One such work was a framed typewritten letter.
I told my brother that that was not art and I thought it was stupid to call it art, and that it devalued the efforts of the other artists.
He didn't respond at first other than to say that art is often in the eye of the beholder and if it elicits a reaction it typically can be qualified as art.
He left it at that but I kept thinking about what he said. I was really annoyed that they could possibly call a stupid framed letter art just because it was hung in an art gallery. I said as much to several people over time.
About two years later I went back to visit him, this time for a solo show. He does abstract painting, and I liked his stuff. We started talking about the work and how some if it reminded me of our childhood home.
At one point I brought up the framed letter and how it still made me roll my eyes when compared to the work you see in art galleries.
He just smiled and said "still thinking about that piece?"
I was annoyed to admit that whatever my opinion might be I could not deny that it had had a profound effect on me, evidently.
So, yeah the revulsion at the thought of an acre of potential meadow being permanently smothered so that 4% of it could be used to park pollution machines is definitely the brilliance here...
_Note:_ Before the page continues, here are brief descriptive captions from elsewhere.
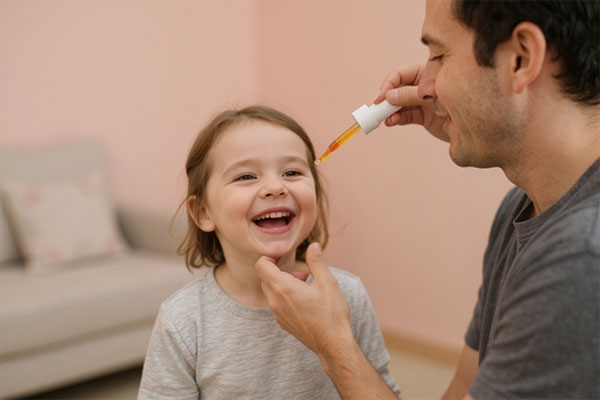 نحوه مصرف قطره سیدرال برای کودکان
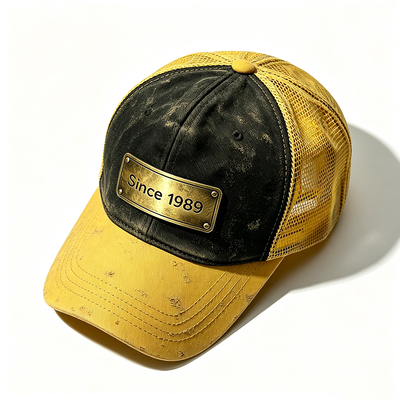 Gekrompen rand 5 paneel Trucker Cap Oem aangeboden Trucker Hoed Comfortabel Ademhalend en verstelbaar voor alledaags dragen
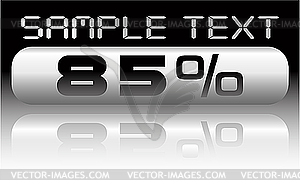 Vecror metal percent banner - vector clipart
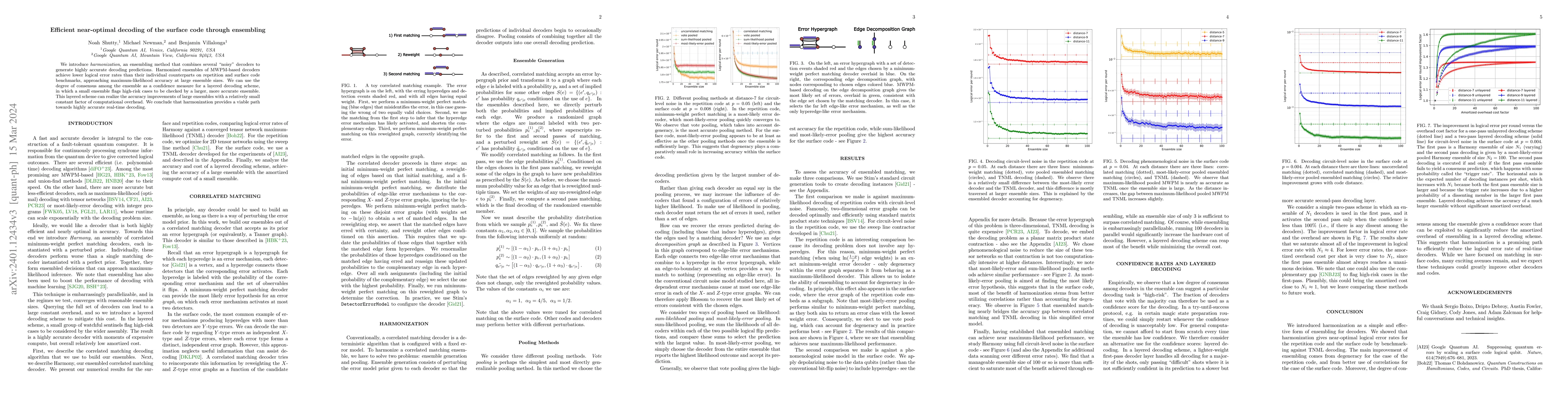 Thumbnail for Efficient near-optimal decoding of the surface code through ensembling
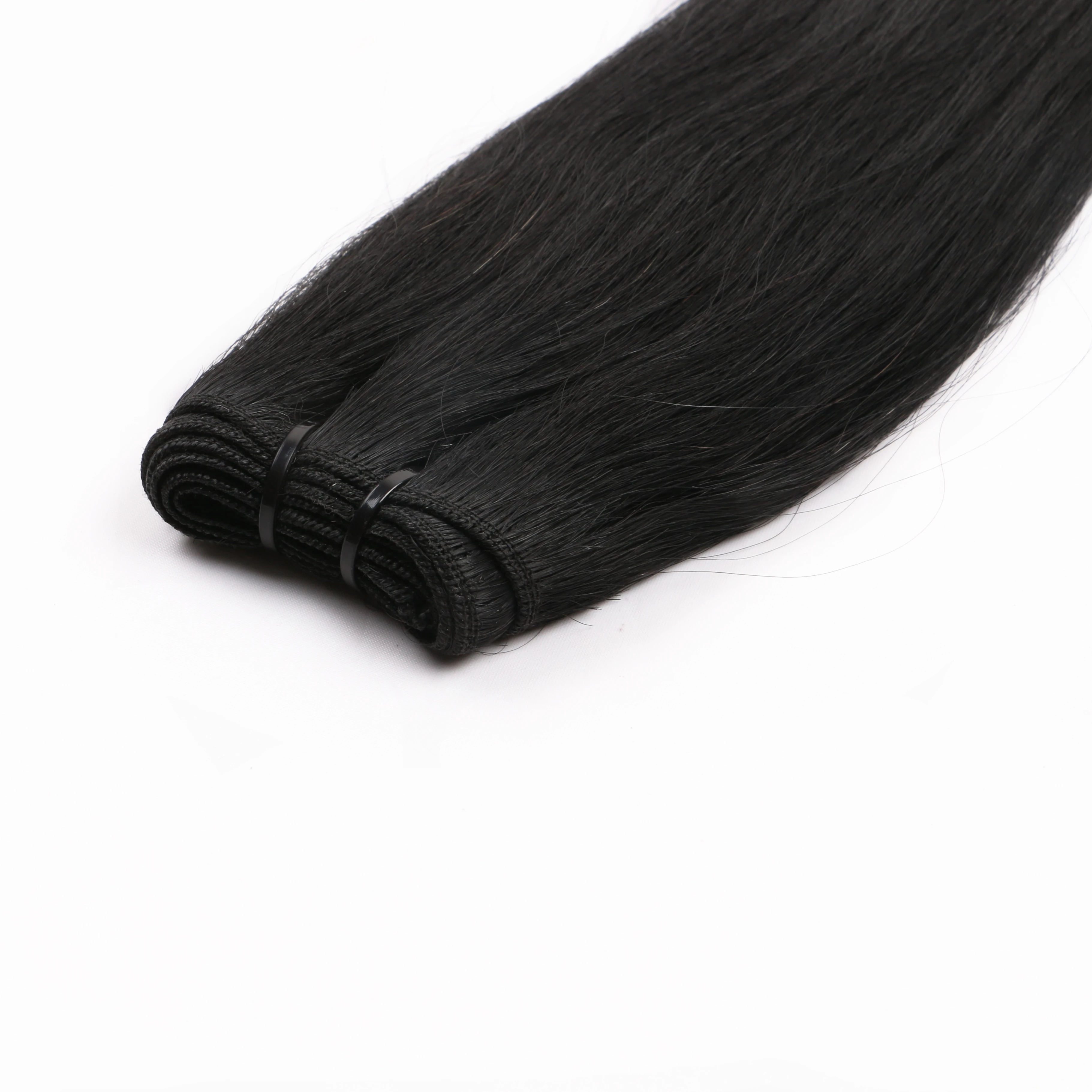 

STOCK Natural Blonde Brown Color 18'' 100g Silky Straight Cuticle Aligned Virgin Remy Human Hair Weave Machine Double Weft hair, Natural, brown, blonde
Simply thinking about it doesn’t make the thing art, though. Like, it still could be but the only thing you were thinking about after all that time was how stupid it was and that feeling could be replicated by so many things and it wouldn’t matter. Being subversive and being stupid and not being able to handle criticism are two often conflated things.
It’s like misspelling something and throwing out a “language evolves”. It’s a cheap cop-out to cover up a mistake.
To say “that feeling” of indignation (at the letter’s inclusion in a gallery) is the same as other things that make him roll his eyes, is reductionist. We regard things as stupid for different reasons; they’re not all the “same feeling.” As others have said, the artist’s intentionality in presenting something is part of its message. So the indignation he felt about a piece being put in a gallery is part of that piece’s effect on him, born from the artist’s choices. That feeling is different than hearing a moron say something dumb and thinking it’s stupid.
Intentionality is the key. Case in point, “language evolves” is a silly thing to say after a mistake, but many subcultures start misspelling things on purpose, and that intentionality is how language evolves.
Well, exactly, but if the brother still can ‘t articulate his point any further than lol u mad” even after all this time then how intentional is it really? I totally agree that art is in the intention more than the execution but this doesn’t sound like that.